__Data provided__:
%%

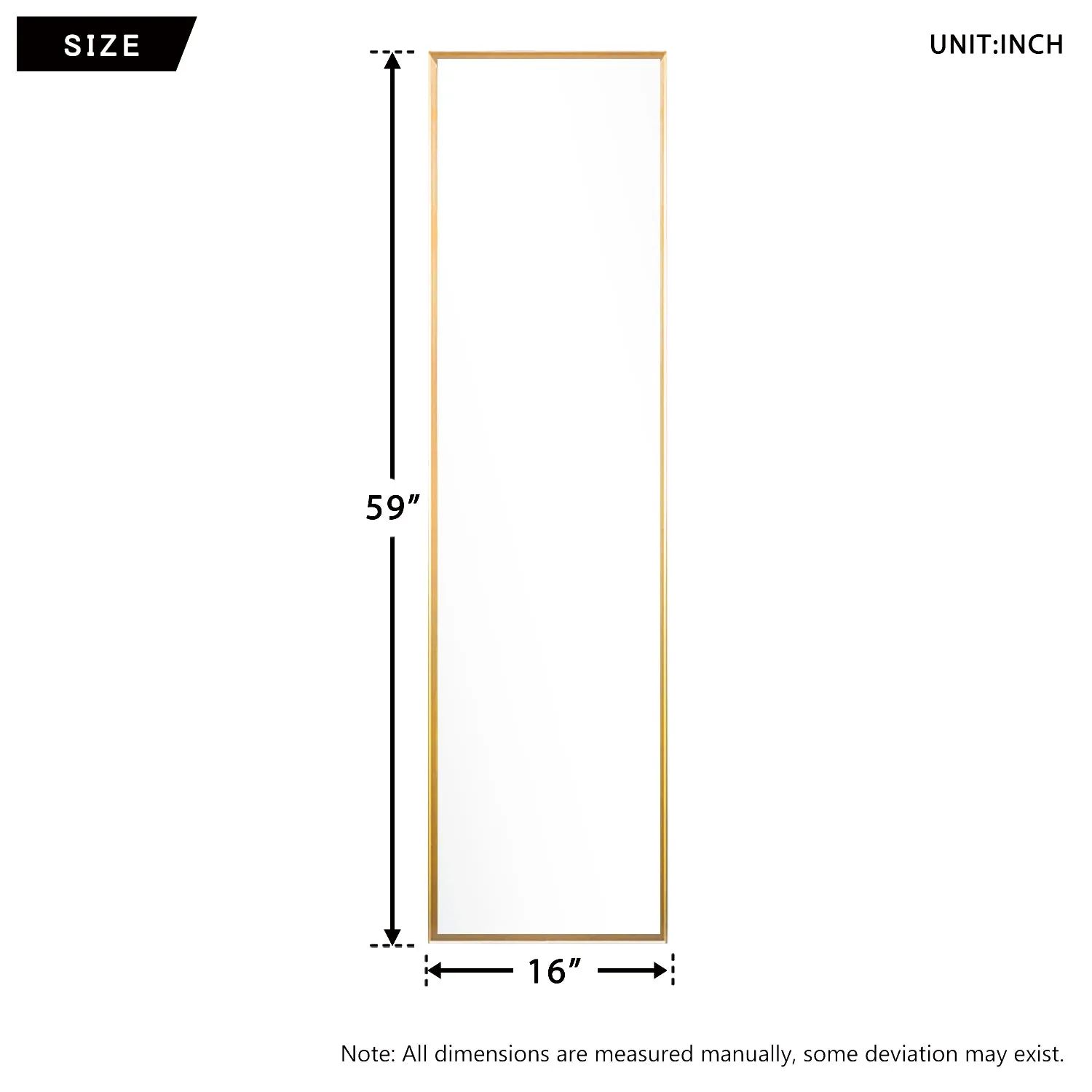 Classic Design Metal Framed Full Length Floor Mirror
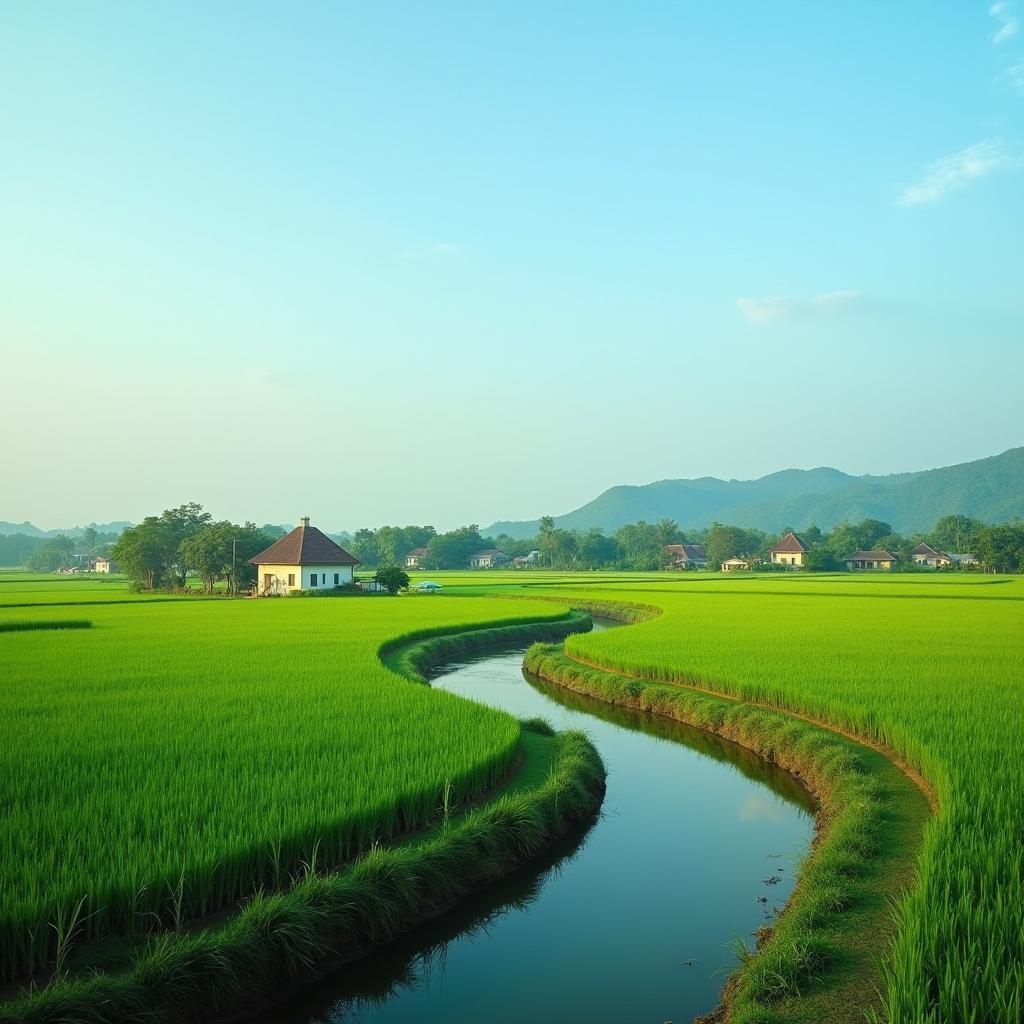 Toàn cảnh không gian sống xanh mát, yên bình với cánh đồng lúa và kênh rạch tại xã Tân Nhựt, Bình Chánh.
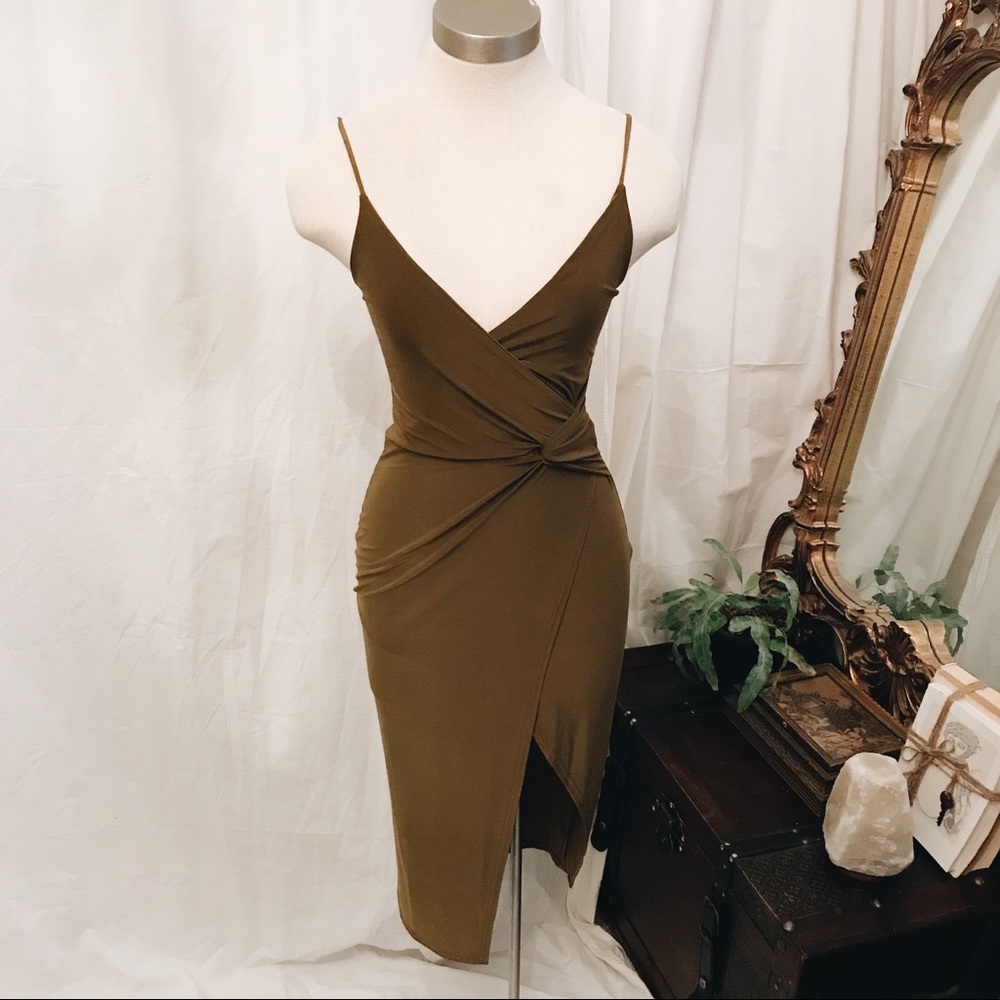 Boohoo khaki green wrap dress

%%

__What the exercise asks__: Nothing but the lines from the one that holds "Toàn cảnh không" through the end of the data should appear, written out exactly, without pictures.

__Task output__:
 Toàn cảnh không gian sống xanh mát, yên bình với cánh đồng lúa và kênh rạch tại xã Tân Nhựt, Bình Chánh.
 Boohoo khaki green wrap dress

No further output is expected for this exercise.